> _Records_
--------------------------------
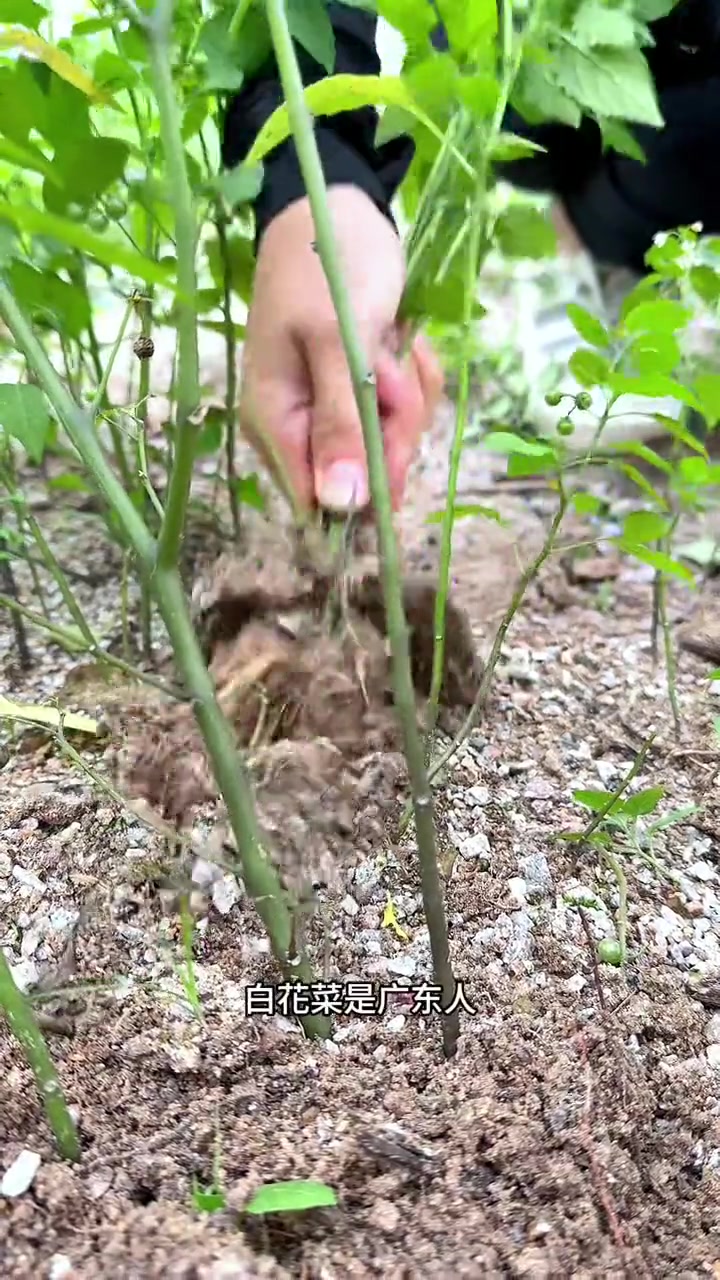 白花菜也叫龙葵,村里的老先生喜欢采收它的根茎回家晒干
--------------------------------
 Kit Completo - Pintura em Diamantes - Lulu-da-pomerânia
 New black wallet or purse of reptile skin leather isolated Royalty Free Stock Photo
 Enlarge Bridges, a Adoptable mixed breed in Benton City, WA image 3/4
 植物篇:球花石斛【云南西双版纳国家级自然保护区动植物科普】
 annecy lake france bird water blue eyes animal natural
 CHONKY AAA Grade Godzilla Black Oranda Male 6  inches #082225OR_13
--------------------------------
> _Directions_
Could you restate word for word the lines above, from the one that contains "Kit Completo - Pintura" through the one that contains "CHONKY AAA Grade", and no others?

> _Response to this exercise_
 Kit Completo - Pintura em Diamantes - Lulu-da-pomerânia
 New black wallet or purse of reptile skin leather isolated Royalty Free Stock Photo
 Enlarge Bridges, a Adoptable mixed breed in Benton City, WA image 3/4
 植物篇:球花石斛【云南西双版纳国家级自然保护区动植物科普】
 annecy lake france bird water blue eyes animal natural
 CHONKY AAA Grade Godzilla Black Oranda Male 6  inches #082225OR_13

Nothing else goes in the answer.